Auch die HDP-Parlamentsfraktion wird unter Druck gesetzt. Wenige Stunden vor dem Verbotsantrag wurde der HDP-Menschenrechtspolitiker Ömer Faruk Gergerlioglu wegen einer umstrittenen Gerichtsentscheidung aus dem Parlament entfernt. Die Justiz ermittelt gegen 20 weitere HDP-Abgeordnete, die ihre Immunität und ihr Mandat verlieren könnten. Die aus Celle stammende HDP-Politikerin Feleknas Uca sagte der „Schwäbischen Zeitung“, allein gegen sie gebe es 58 Anträge auf Aufhebung der Immunität. Die HDP solle mundtot gemacht werden. „Wir müssen jederzeit damit rechnen, dass wir festgenommen und ins Gefängnis geschickt werden“, sagte sie.
Die harte Linie gegen eine demokratisch legitimierte Partei verstärkt die Spannungen zwischen der Türkei und dem Westen. Das US-Außenministerium kritisierte, ein HDP-Verbot würde „die Demokratie in der Türkei weiter untergraben“. Im Europarat könnte es Konsequenzen für die Türkei geben, sagte der SPDMenschenrechtspolitiker Frank Schwabe. Wenn frei gewählte HDPAbgeordnete nach einem Parteiverbot nicht mehr an der Parlamentarischen Versammlung des Europarats teilnehmen könnten, seien Sanktionen möglich.

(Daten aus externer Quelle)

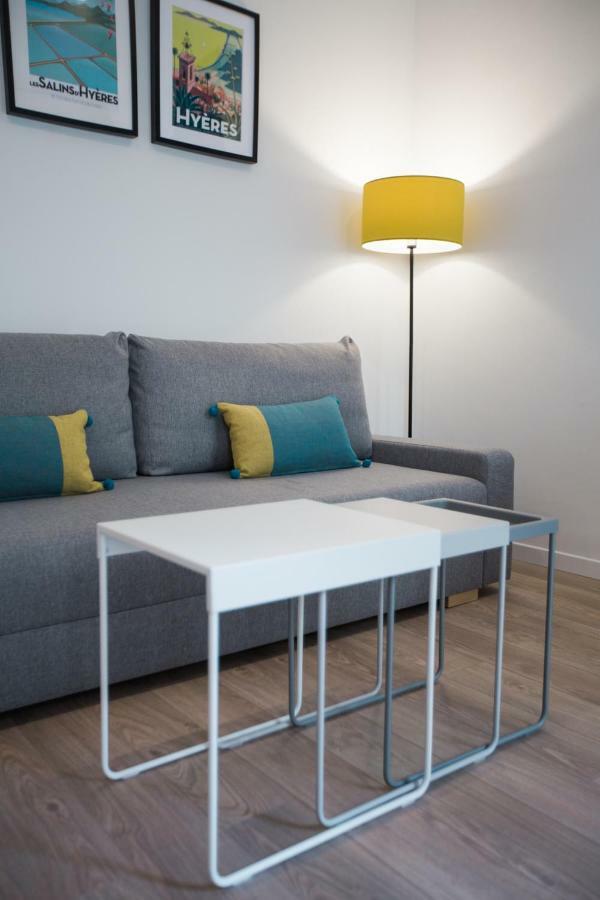 Le Petit Hyerois Apartment Hyeres Ngoại thất bức ảnh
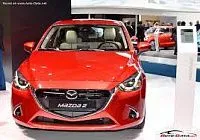 Аккумулятор для Mazda  2  III (DJ) 2014 - н.в. фото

Die EU zeigte sich ebenfalls „tief besorgt“. Kommende Woche will sich ein EU-Gipfeltreffen mit der Türkei befassen. Allerdings sind dabei nach einer Meldung der Nachrichtenagentur Reuters keine Sanktionen gegen Ankara zu erwarten. Für die EU seien die Flüchtlingsfrage und der Streit im östlichen Mittelmeer wichtiger als die Demokratie in der Türkei, sagte Kurdenexperte Yegen.